El siguiente paso es obvio también: Giras entonces la cabeza hacia la izquierda política —ésa cuyos postulados se centran en la solución de tus problemas— y la giras con esperanza. Pero entonces surgen nuevas preguntas:
¿Por qué no se juntan todos los que piensan parecido y así aumentan sus posibilidades de ganar?
¿Por qué (si es cierto que les preocupo tanto) no ponen sus diferencias aparte y se unen en un frente común?
¿Quién gana qué con la división de los partidos de izquierdas?
¿Por qué no se unen también los movimientos sociales a dicho frente?
Y, de nuevo:
¿Por qué no lo hacen ya mismo?
Es cierto que los analistas y los opinadores te dan miles de razones: Que si no se pueden quemar etapas. Que si el cambio social tiene su propia dinámica. Que si no se puede basar un cambio profundo en una población desideologizada. Que todo lleva tiempo. Que primero hay que consultar a las bases, luego convocar un congreso extraordinario, luego consensuar un documento, después iniciar una ronda de contactos y, quizás, en las elecciones de 2020 tengamos, si dios quiere y no hay ningún contratiempo, un frente común.

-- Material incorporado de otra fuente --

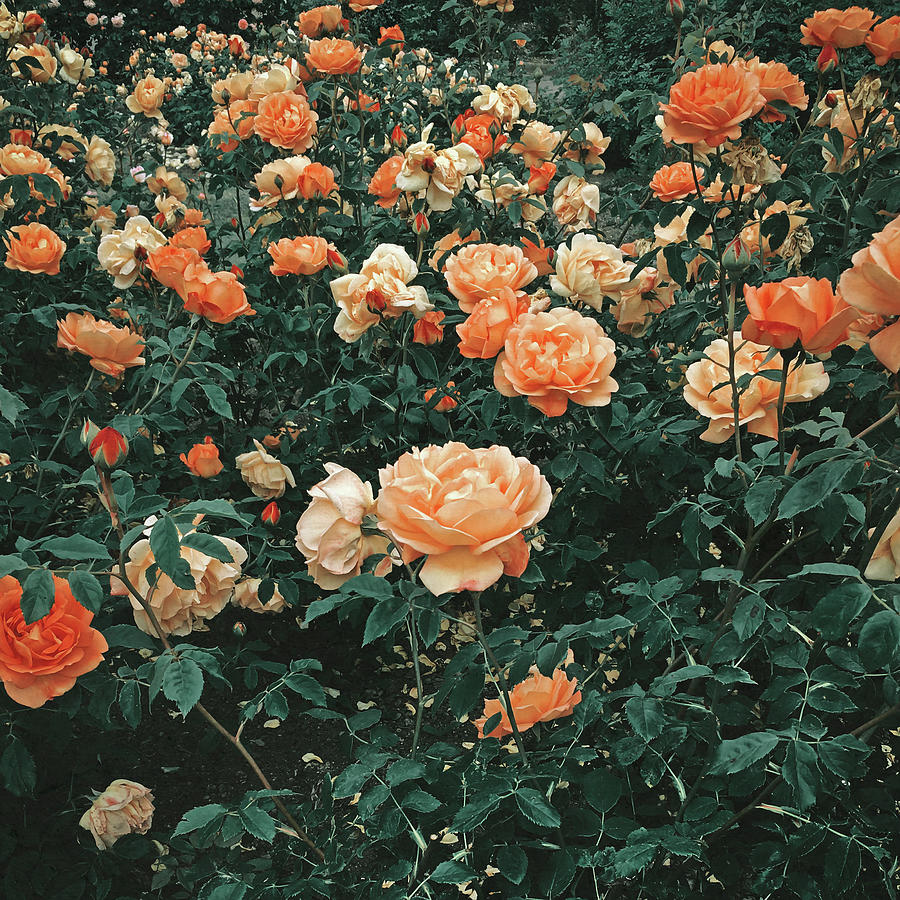 Forest of Roses Photograph by Cassia Beck - Fine Art America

Vamos, que es obvio que ellos no están encarcelados ni les limpia el culo una enfermera con mala hostia. Ideas, teorías y análisis tienen muchos; prisa ninguna.

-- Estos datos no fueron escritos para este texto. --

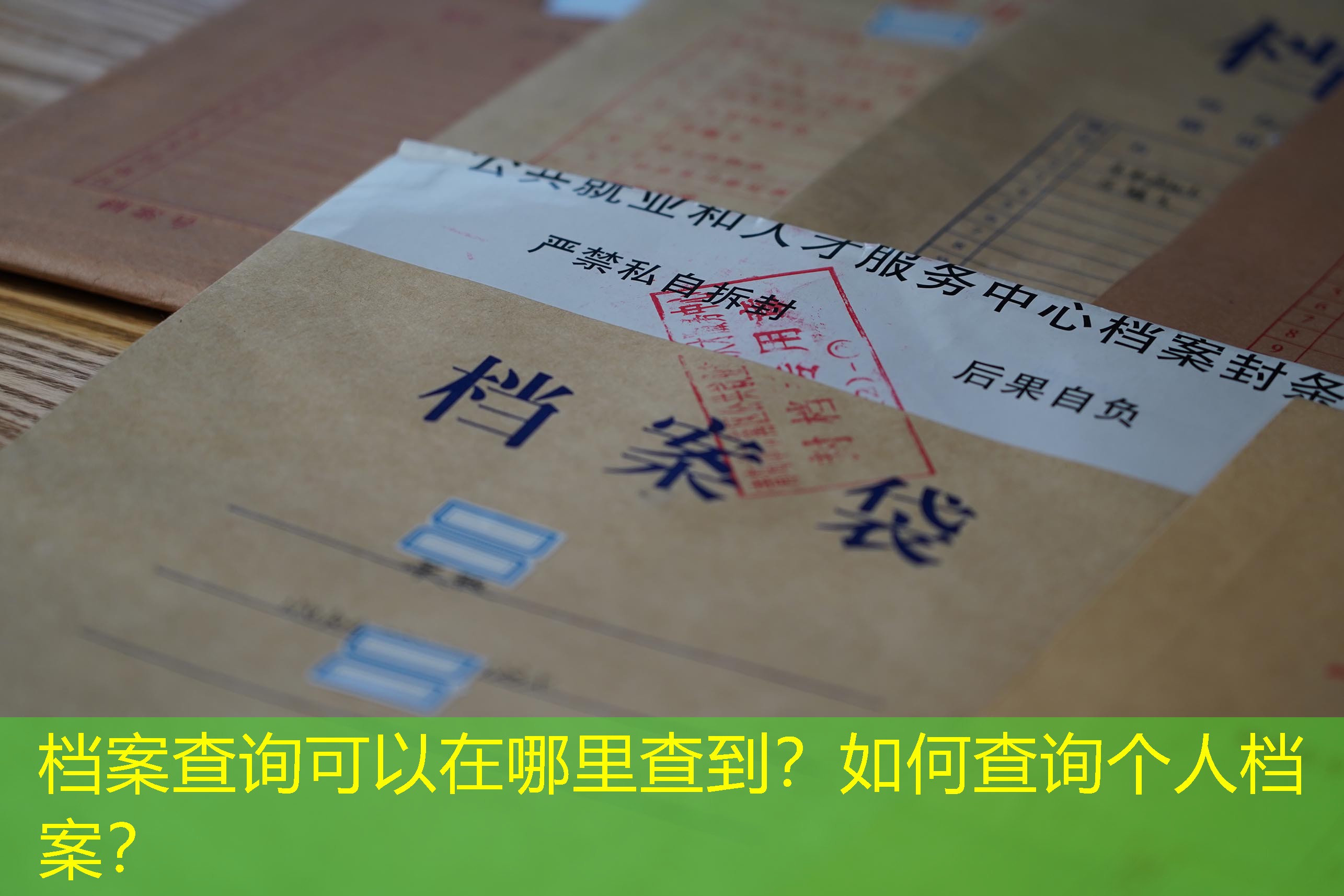 档案查询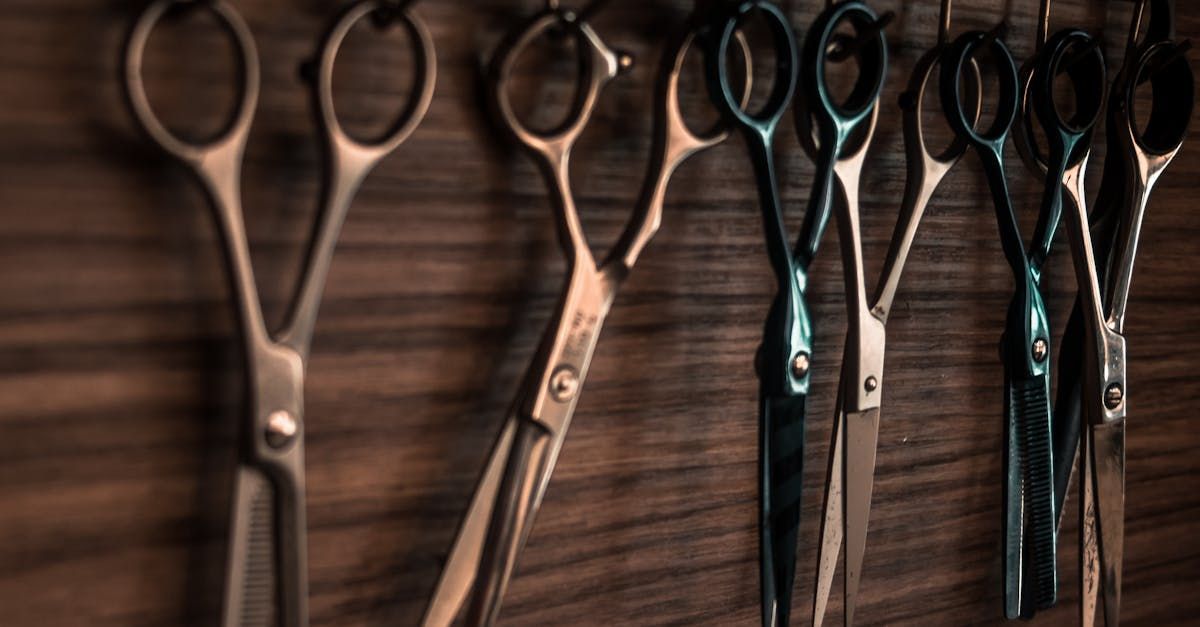 A row of scissors hanging on a wooden wall.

Entonces aparece un tipo y un movimiento que propone justo eso: frente común y quemar etapas. ¡Hasta se atreven a sugerir la posibilidad de ganar las elecciones (en vez de quedar terceros)!
Y claro, si la discapacidad te está llevando a la miseria, o si te van a desahuciar la semana que viene, o si eres parado de larga duración, o si un banco te ha robado tus ahorros de toda la vida, o si amenazan con quitarte la sanidad, o la pensión, o si están legislando en este mismo momento sobre tu útero, resulta bastante natural que la idea te resulte interesante.
Quizás si tuvieses un lindo sofá y una tele de plasma en un coqueto piso del centro te parecería un hobby interesante estudiar los procesos internos de IU y sus diferencias con EQUO, analizar en qué medida una propuesta metodológica como la del Partido X puede ser compatible con una postura ideológica sólida, debatir alrededor de un buen Rioja crianza si lo primero es la educación o si la revolución va primero y la educación va después, o hacer una lista de las contradicciones de Pablo Iglesias y cómo se comparan éstas con las de Monedero o las de Errejón, o debatir de si la pronunciación en voz alta de “lúmpenes” denota un realismo crítico o un clasismo oculto pero recalcitrante.
Pero resulta que no tienes ni sofá, ni tele, ni piso coqueto. Así que no te vas a dedicar a esto. Lo que vas a hacer es seguir preguntando:
¿Por qué no hacéis algo ya mismo y me dejáis de contar historias?
Porque estás muy jodido y tienes prisa; lógicamente.
* Pablo Echenique-Robba es doctor en Física Teórica y científico titular del Consejo Superior de Investigaciones Científicas (CSIC).
** Concepto utilizado por el autor y por su compañero de blog Raúl Gay para definir a los discapacitados.